2. The moving vehicle system according to claim 1, wherein the sensor is a linear sensor arranged to determine the position of the moving vehicle.

3. The moving vehicle system according to claim 1, further including an in-position determination unit arranged to perform an in-position determination when both of the current position determined by the sensor and the stop position estimated by the computation unit are within the in-position range.
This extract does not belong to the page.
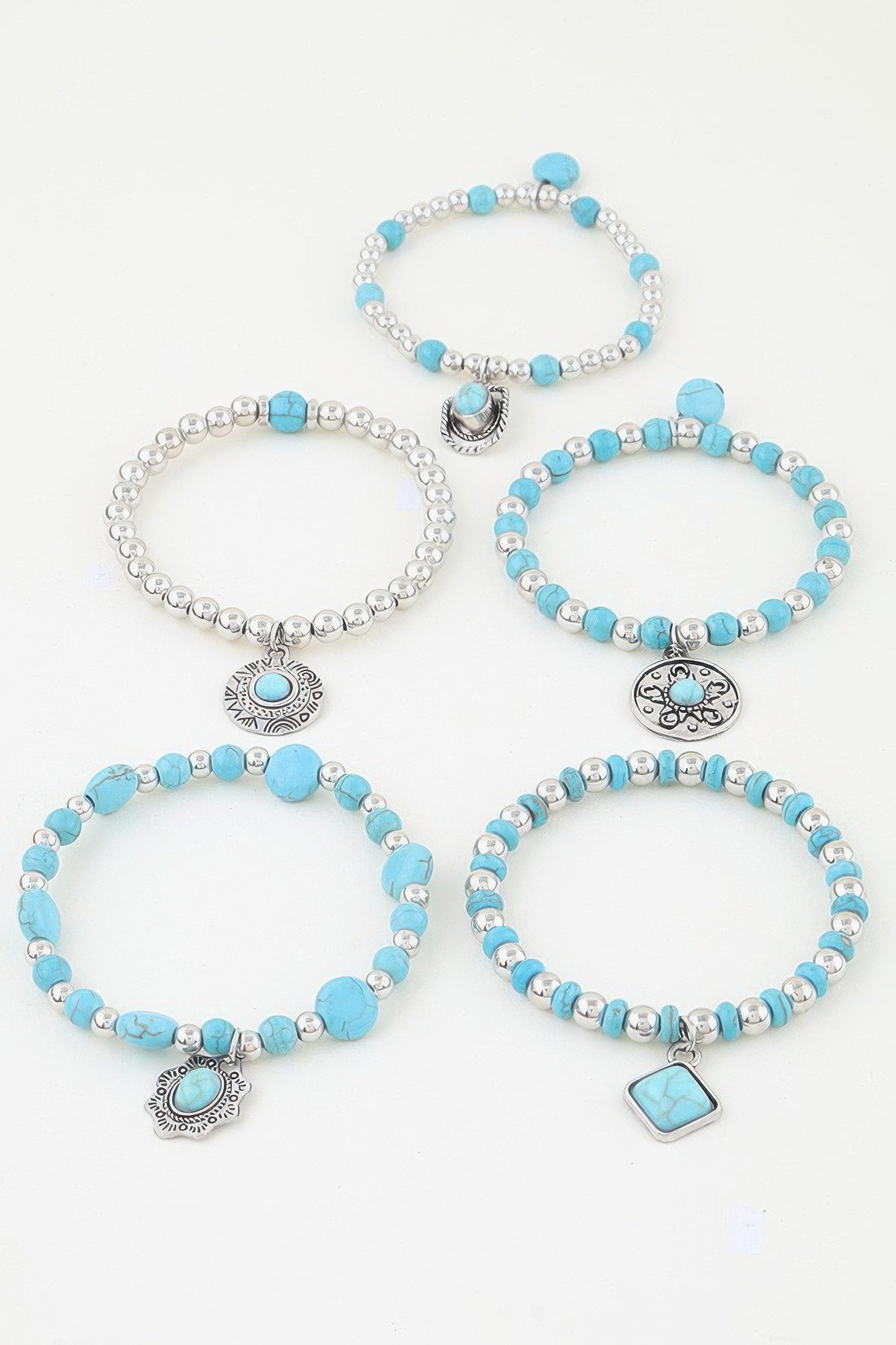 Turquoise Beaded Charm Bracelet Stack Secondary image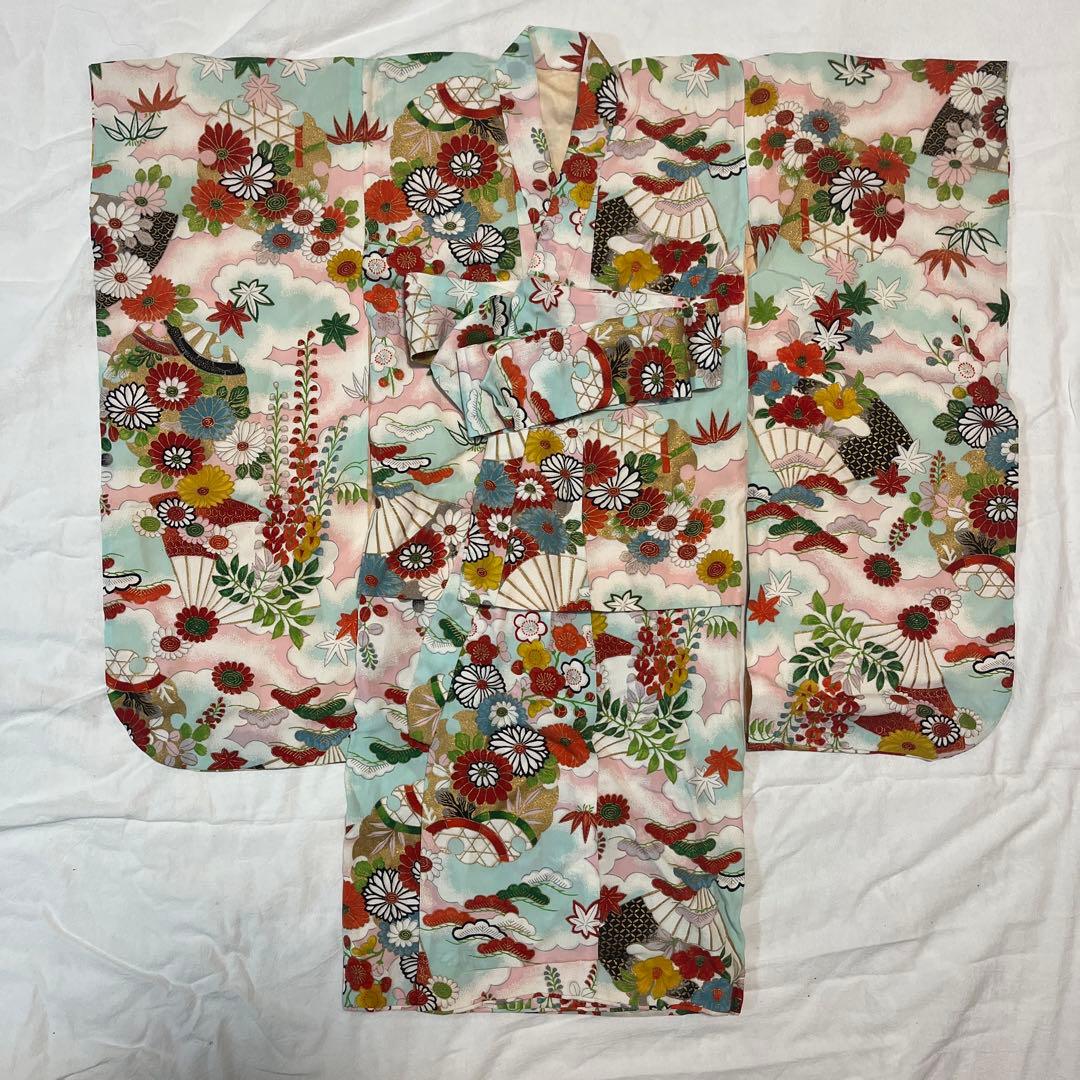 七五三　3歳　正絹　アンティーク　水色　被布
4. A method of making an in-position determination when a moving vehicle enters an in-position range, the method comprising the steps of:

determining, by a determination unit, time series velocity data {vi} from time series position data {Pi} and determining time series acceleration data {ai} from the determined time series velocity data {vi}, where i denotes a time series suffix and where Pi, vi, and ai respectively indicate a current position, a current velocity, and a current acceleration of the moving vehicle;

estimating, by a computation unit, a stop position of a moving vehicle based on the determined position, velocity, and acceleration; and

determining, by the computation unit, whether the stop position of the moving vehicle will be within the in-position range or not; wherein

in the step of estimating the stop position, an upper limit of the stop position is estimated as a distance of −vi²/ai from a current position.

5. The method according to claim 4, wherein in the determination step, the in-position determination is made when both of the determined current position and the estimated stop position are within the in-position range.